So, 2020. It’s been quite a year, hasn’t it?
 

I had all my plans ready to roll out and then LIFE happened. All my new year’s resolutions and goals, all the hope and excitement of what was to come went puff. 

Everything was gone, and we were trapped between four walls, mourning loved ones, our own lives, and what didn’t happen.

The pandemic was (and still is) something that has hit me hard, and I’m still reeling from all the losses and pain, both close and far away. My chest aches for the family, friends and other people I can’t meet in person for who knows how long and from not having a clear cut solution of how to help those around me.

I’m a fixer. 

Give me a problem, and I won’t stop until I fix it, but this situation, so beyond my human capacities to fix on my own, is a wound that keeps on chaffing and re-opening.

However, in between too many zoom calls and recording classes, I did find that the forced slowing down was good to reflect about all the anxiety and stress that I have in my life. This quote from V. E. Schwab’s The Invisible Life of Addie LaRue is the perfect representation of what I feel:
 

“[…] on the rare occasion he’s managed to get up before dawn, it was a thrill: to watch the day begin, to feel, at least for a little while, like he was ahead instead of behind. But then a night would go long, and a day would start late, and now he feels like there’s no time at all. Like he is always late for something.”

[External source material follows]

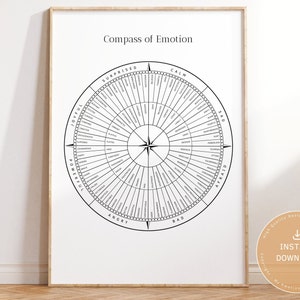 Compass of Emotion | Feelings Wheel Poster | Mental Health Wall Art for Therapy, Counselling, Coaching, Home Office Decor | digital download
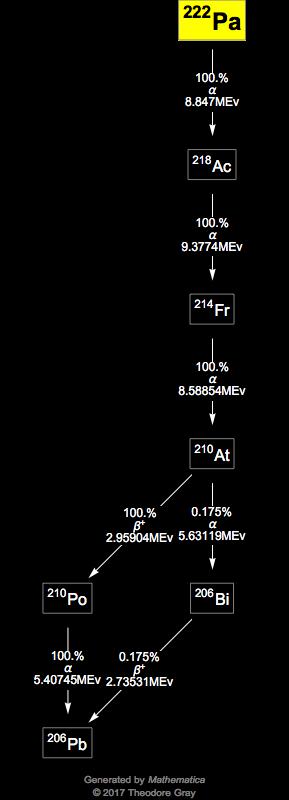 Decay Chain Image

Always late for something.

There, that is what I keep feeling, that hamster-in-a-wheel angst pinning down my chest no matter what I do.

I make plans for what I need to do for the next part of my life and in the beginning, everything sounds and goes great. I’m making progress and feel like all is right in the world, and then life happens, all my plans get derailed, and I’m left floundering.

And when it wasn’t the pandemic, it was that new deadline from work, that house repair I couldn’t postpone or that all-consuming need to make things perfect because I’m afraid of what others might think if I show that I’m human.

How dare I be human, right?

One reason I’ve realized that I feel behind is that I make my plans as if I was the only breathing being in the world, living in a protected dome where no one or nothing will interrupt me while I’m in there.

And when life happens, and the scheduling goes awry, then of course I’m going to feel like I’m running behind. Because I am. The schedule said one thing, and I’m still nowhere near close to fulfilling it.

Part of the beauty of life is that it happens to you, and pretending that life won’t interrupt you only makes those plans crumble faster. So, having finally realized what I did wrong, I’ve devised a new system for myself (because, of course, I have to fix this situation):
 

Step 1: Let myself plan as normal, as if life won’t exist.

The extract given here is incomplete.